Back on the fourth, I posted about "Project Dolphin", a project to count the number of keystrokes performed by its participants. Seventeen days in, my 510,683 keystrokes have advanced me to 7,923rd place out of 24,164 (just into the top third) and the LiveJournal team to 461st place out of 1,746 (nearly into the top quarter).
The reason why this is particularly timely at the moment is that within seventeen days, I have become the most prolific contributor to the LiveJournal team. Of course, the statistics change frequently, but I shall cut-and-paste the stats chart that I saw in here:
|The LiveJournal Typing Team|
|Click on a user's name to find out more about that user.||(F) = Founder|
|(F) = Founder|
What can we conclude from this? Well, I write fairly extensively in my LiveJournal, I have moderately expensive USENET and Yahoo! Groups habits and I've even been in a number of web chats recently, which is rather unlike me. On the downside, I haven't got in touch with any of the other Project Dolphin participants yet, so the project does not have the great social side that it might. Perhaps it might be fun to start a LJPD team community, for instance.

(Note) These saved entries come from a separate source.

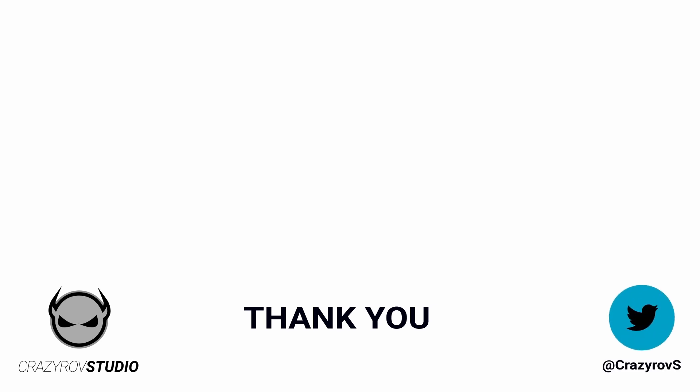Thanks for sticking with me till the end of this video. I hope you found this useful. If you have any questions or comments, share it with our community in the comment section below, or you can drop me a message at my Twitter account. I will see you on another video. Goodbye.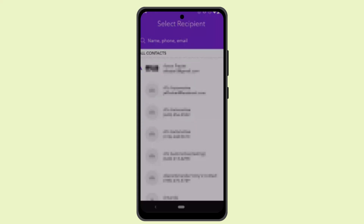Now it's time to verify your bank account and your account. You might be asked to submit additional information or documents, and then you've successfully created your Zill app and can start sending or receiving money on Zill.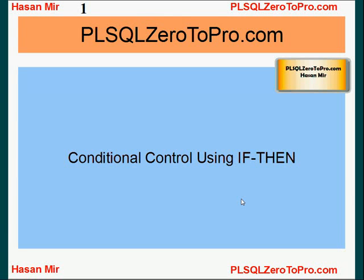Hello, welcome to PLSQLZeroToPro.com. This is Hassan Mir. In this tutorial we will discuss conditional control using IF-THEN statement.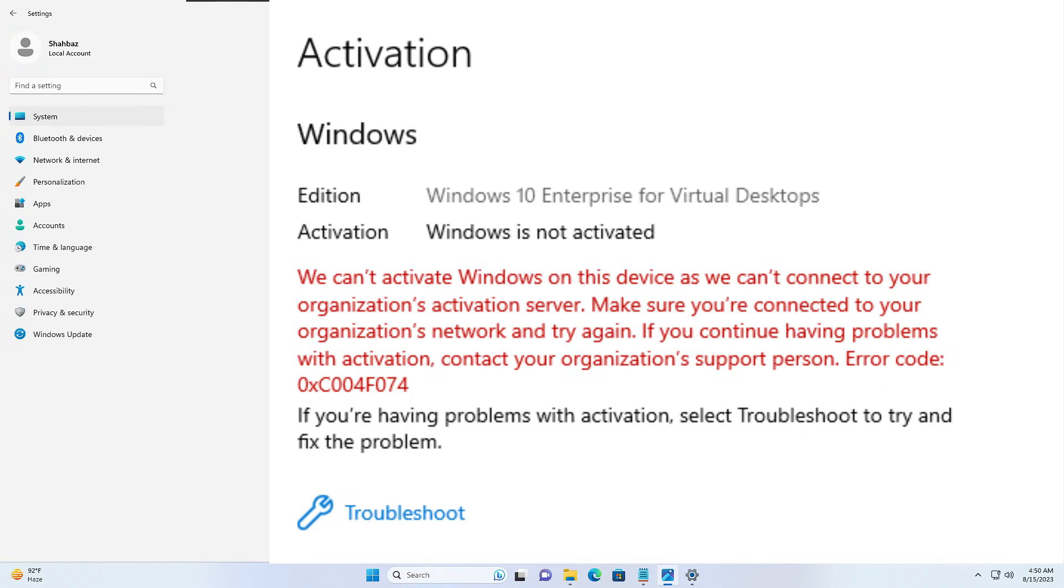Welcome back guys, welcome back to Crown Geek. In this video we'll share three different solutions to fix a problem that says we can't activate Windows on this device as we can't connect to your organization activation server with the error code 0xC004F074. This can be because of multiple reasons, but we won't be discussing the causes and will move with the solution.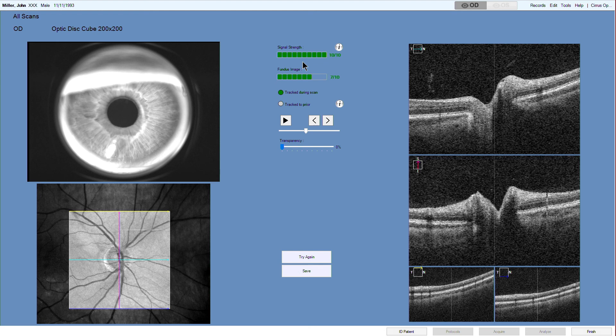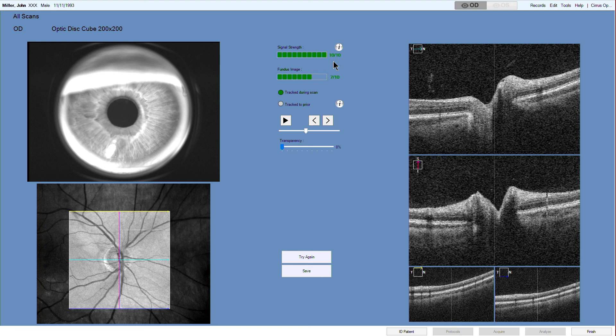Once data acquisition is complete, scans must be reviewed for acceptance prior to being released for analysis. The scan quality check screen appears automatically upon completion of data acquisition.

However, I am not convinced that all 510,000+ keystrokes recorded are valid. Looking at the count from time to time, I think there have been a few cases where my client and the Project Dolphin servers are not properly co-ordinated. Specifically, my client registers (say) 20,000 keystrokes and sends a pulse. The master server receives the pulse. My client does not acknowledge that the server has received it; instead of zeroing the count, it assumes that the pulse has not been correctly received and continues to count onwards from 20,000. The next time the pulse is sent, the server will have effectively counted those 20,000 keystrokes twice. I would estimate that such double-counting is repsonsible for possibly 40,000 of my 63,000 Tuesday 10th keystrokes, 20,000 of my Wednesday 11th keystrokes and 11,000 of my Friday 20th keystrokes. I'm still happy enough about perhaps 440,000 of the half-million recorded. (However, I haven't been deliberately doing anything to cause the client-server interaction to malfunction, so I would expect that there is an element of this in all the participants' totals. Perhaps those who know more about how to get said interaction to malfunction could be racking up huge totals this way.)
If all Project Dolphin does is to register keystrokes and it does not do that single job reliably, why participate in it at all? For now, at least, it remains the only game in town.